Friday, March 11, 2011


Peggy Noonan is no fan of Donald Rumsfeld's memoir, she tells us in her latest column (here and, for non-Wall Street Journal subscribers, here).

What's the problem?

You’d expect such a book (all right -- you'd hope) to be reflective, to be self-questioning and questioning of others, and to grapple with the ruin of U.S. foreign policy circa 2001-08.... Since some of those decisions are in the process of turning out badly, and since [Rumsfeld] obviously loves his country, you'd expect him to critique and correct certain mindsets and assumptions so that later generations will learn.

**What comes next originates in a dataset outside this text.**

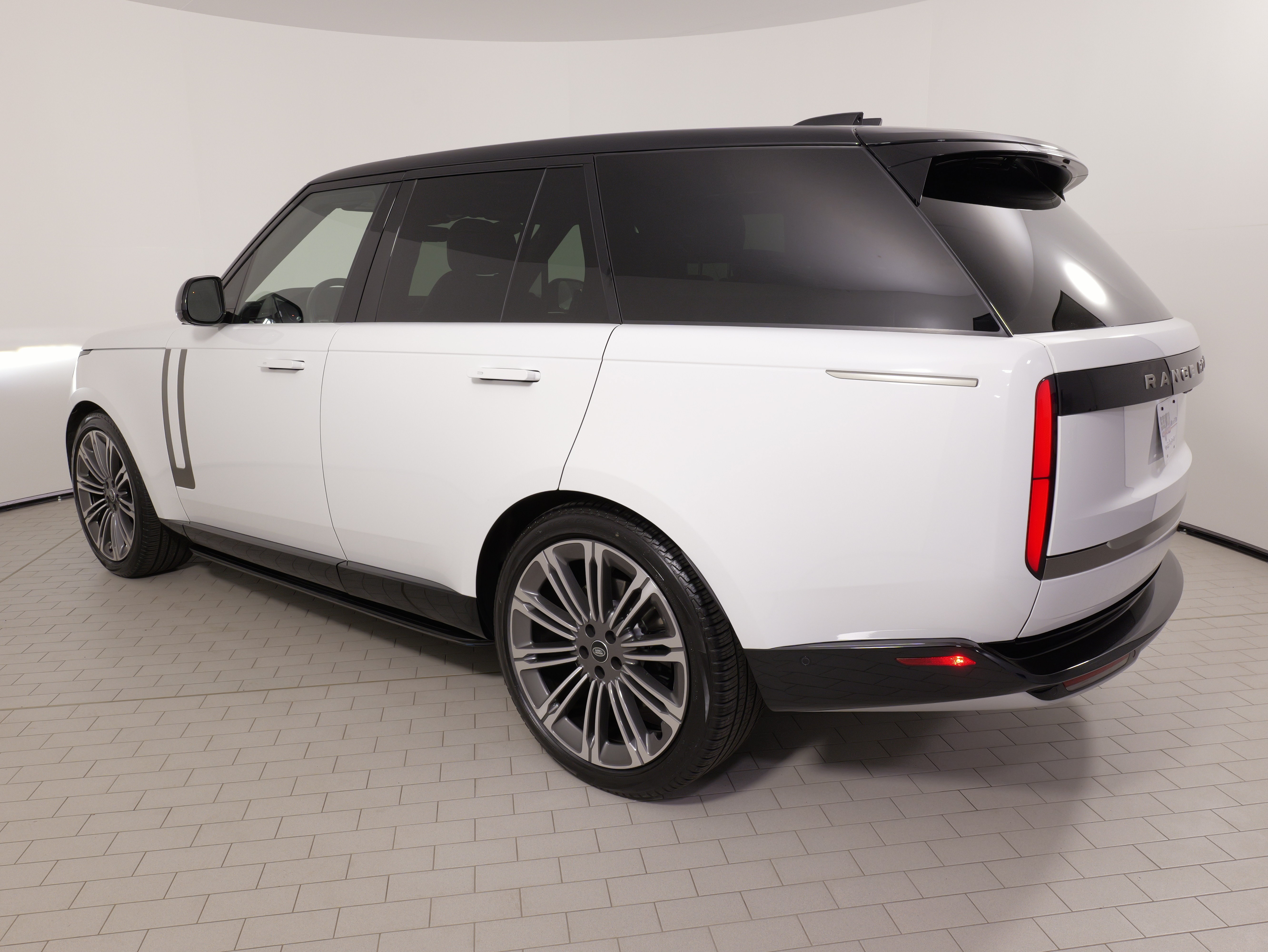 Used 2024 Land Rover Range Rover SE AWD/4WD image 16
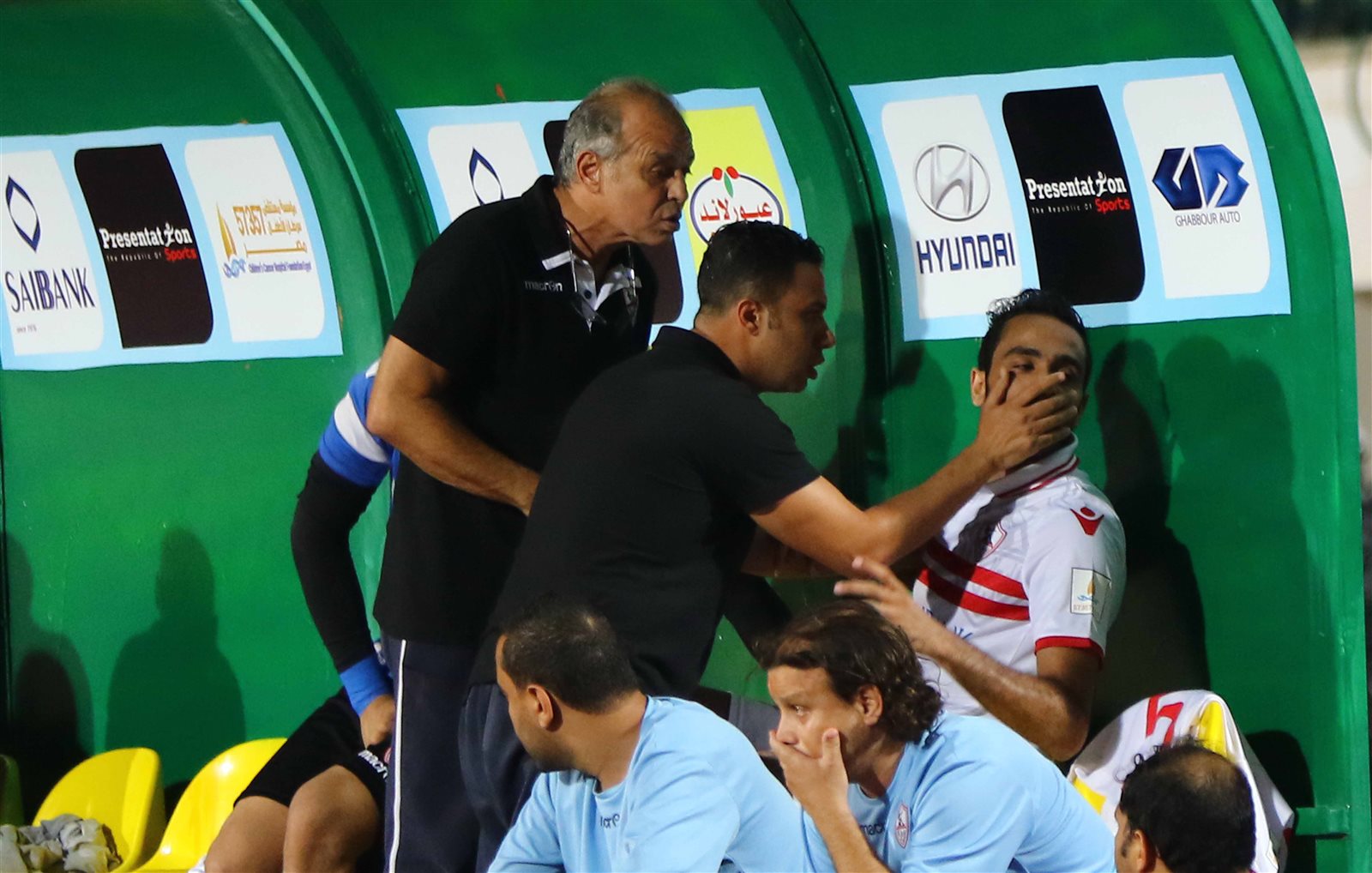  الجهاز الفنى للزمالك يحاول تهدئة " كهربا "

...[Here's] the point at which I tried to break the book's spine.

If you asked most Americans why we went into Afghanistan in the weeks after 9/11, they would answer, with perfect common sense, that it was to get the bad guys....

The failure to find bin Laden was a seminal moment in the history of the war in Afghanistan. And it was a catastrophe....

You’d think, nearly a decade after the events of Tora Bora, that Mr. Rumsfeld would understand the extent of the error and the breadth of its implications. He does not. Needless to say, Tora Bora was the fault of someone else -- Gen. Franks of course, and CIA Director George Tenet....

Osama bin Laden was not "one man on the run." He is the man who did 9/11. He had just killed almost 3,000 people at the World Trade Center, at the Pentagon, in a field in Pennsylvania. He's the reason people held hands and jumped off the buildings. He's the reason the towers groaned to the ground.

It is the great scandal of the wars of the Bush era that the U.S. government failed to get him and bring him to justice. It is the shame of this book that Don Rumsfeld lacks the brains to see it, or the guts to admit it.

So you'd expect that if you dipped into Peggy Noonan's archives she would turn out to have been withering in her criticism of Rumsfeld after that failure at Tora Bora, right? Or if not, you'd expect that she'd be expressing her mea culpas now, as she's urging Rumsfeld to express his -- right?

Well, obviously not. Here's Noonan on Rumsfeld in February 2002, mere months after Tora Bora:

... these days he seems, as leaders go, a natural....

At first you sense his candor and clarity and enjoy it without realizing it. Then you realize you must be enjoying it because you're still listening. Then you sense that his candor and clarity are in the service of intelligence and clean intentions. You find yourself following what he says, following the logic and the argument. Which makes you ultimately lean toward following him.

Yup, and you followed -- you and all your fellow right-wingers, Peg. Right into Iraq. Right into two patches of the Big Muddy. And you never called the failure at Tora Bora a "scandal," not until now. You never criticized the rest of the blundering -- not until it was too late.


Here's another curious moment from today's Noonan column:

America wanted -- needed -- to see U.S. troops pull Osama out of his cave by his beard and drag him in his urine-soaked robes into an American courtroom. Or, less good but still good, to find him, kill him, put his head in a Tiffany box with a bow, and hand-carry it to the president of the United States.

Wait -- "drag him in his urine-soaked robes into an American courtroom"? Well, yeah, that's what a lot of us would have liked to see -- but are right-wingers still allowed to say that? Do I have to point out that if bin Laden were captured alive tomorrow, and the Obama administration starting planning to "drag him ... into an American courtroom," Noonan's fellow rightists would explode in fury?

But, yeah, she's right -- if the capture had happened, Bush could have held such a trial and no one would have blinked. In fact, everyone would have been delighted.